Paul
Goble
Staunton, March 17 – Tomorrow,
Russians will go to vote after what Yekaterinburg commentator Aleksey Shaburov
says has been “one of the strangest Russian presidential campaigns” ever, a
campaign that was about mobilization rather than choice, suppression of
differences of opinion rather than their clarification, and a failure to talk
about the future.
The Yekaterinburg commentator says
that even before the results are tabulated, there were three features of these
elections that defined them and their likely impact on Russia’s future,
features perhaps never entirely absent in earlier campaigns but that have
defined the one just concluded (politsovet.ru/58332-vybory-2018-chto-eto-bylo.html).
First, from day one it was clear to
everyone that Vladimir Putin would win if he wanted to. What mattered was not
that outcome but rather the level of participation because this election was
all about the ability of the regime to mobilize the population, something
measured by participation rather than by the share of votes cast for this or
that candidate.
That was shown by the enormous and
striking difference between the amount of money and effort the authorities
devoted to getting people to turn out to vote as compared to that devoted to
getting them to vote for Putin. “Was participation really more important for
the authorities than the results? Of course not.”

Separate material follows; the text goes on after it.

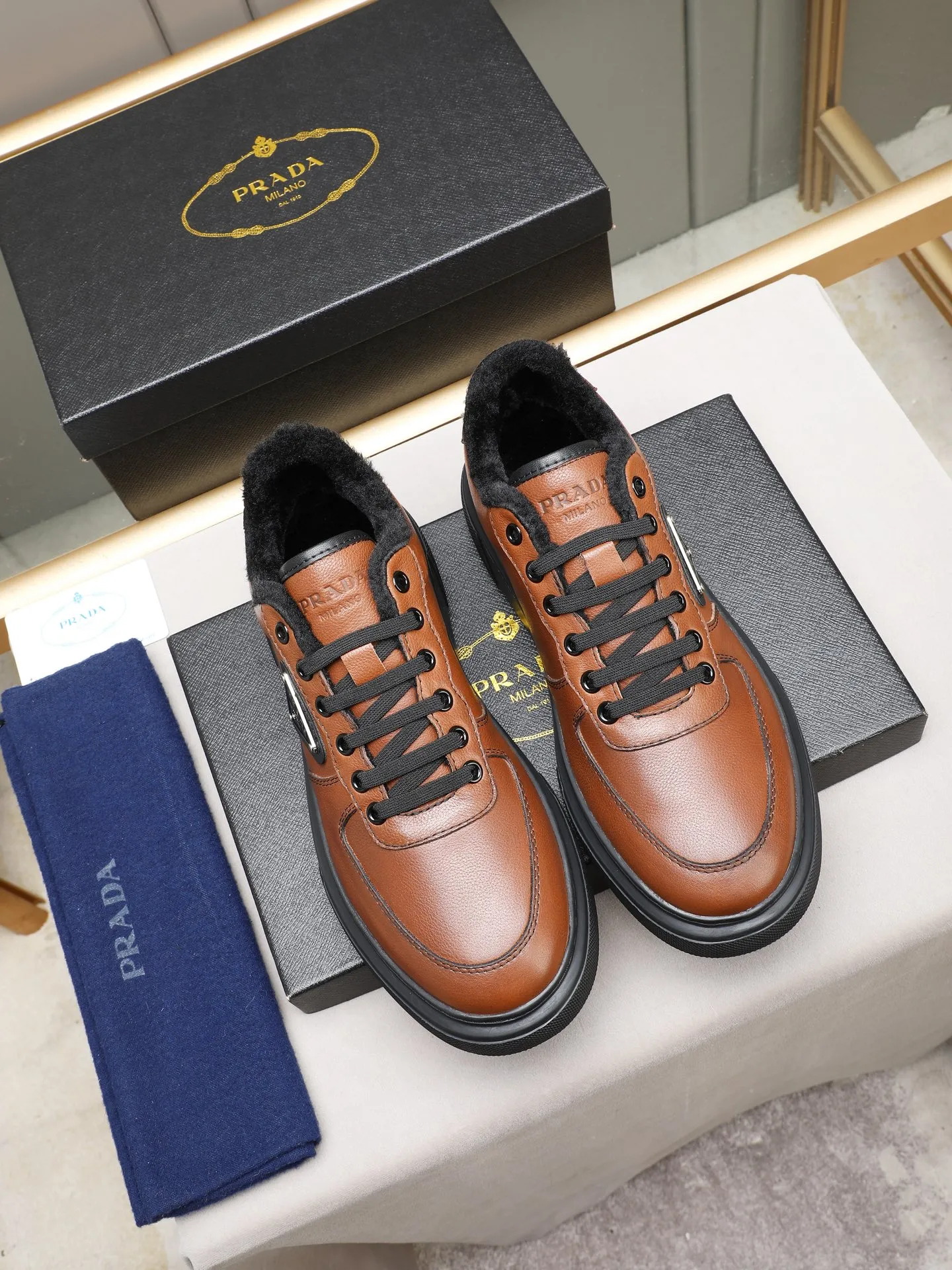 PP460 Prada/Prada men's new casual shoes, this upper is made of imported calfskin + velvet lining! The outside is decorated with the P family's classic metal triangle enamel logo, and the outsole is made of non-slip sports foam ultra-light outsole, which feels good on the feet and is a fashionable and fashionable item! Two colors to choose from!  Size: 38-44 (45 customized)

But the goal of the campaign was
mobilization because that provides a measure of the capacity of the Putin
regime not just to get people to come to the polls but its ability to get them
to act. This “transformation of the elections
into a mobilization campaign is not a good signal because it deprives elections
of their proper function and makes other things possible.
Second, elections are supposed to be
the occasion for contesting points of view, for challenging the positions of
those in power by those outside. But the campaign just concluded almost
completely eliminated that possibility for within system protests that could
help both the incumbents and the opposition know better where the population is
and how to proceed.
“All the concerns that the elections
would lead to a growth in protest attitudes and to the exacerbation of
contradictions in society turned out to be for naught,” Shaburov says. One need
not restrict this to political protests but rather to enlarge it social ones
because there are many social problems in Russia that should have given rise to
protest. That didn’t happen.
“The only significant protests during
this time were connected with ecology,” with concerns about trash disposal. “But
ecological protest by definition is local and therefore it is not appropriate
to talk about its national dimensions.” A
major reason for the absence of protests is the opposition candidates did not
encourage them lest they be accused of “’rocking the boat.’”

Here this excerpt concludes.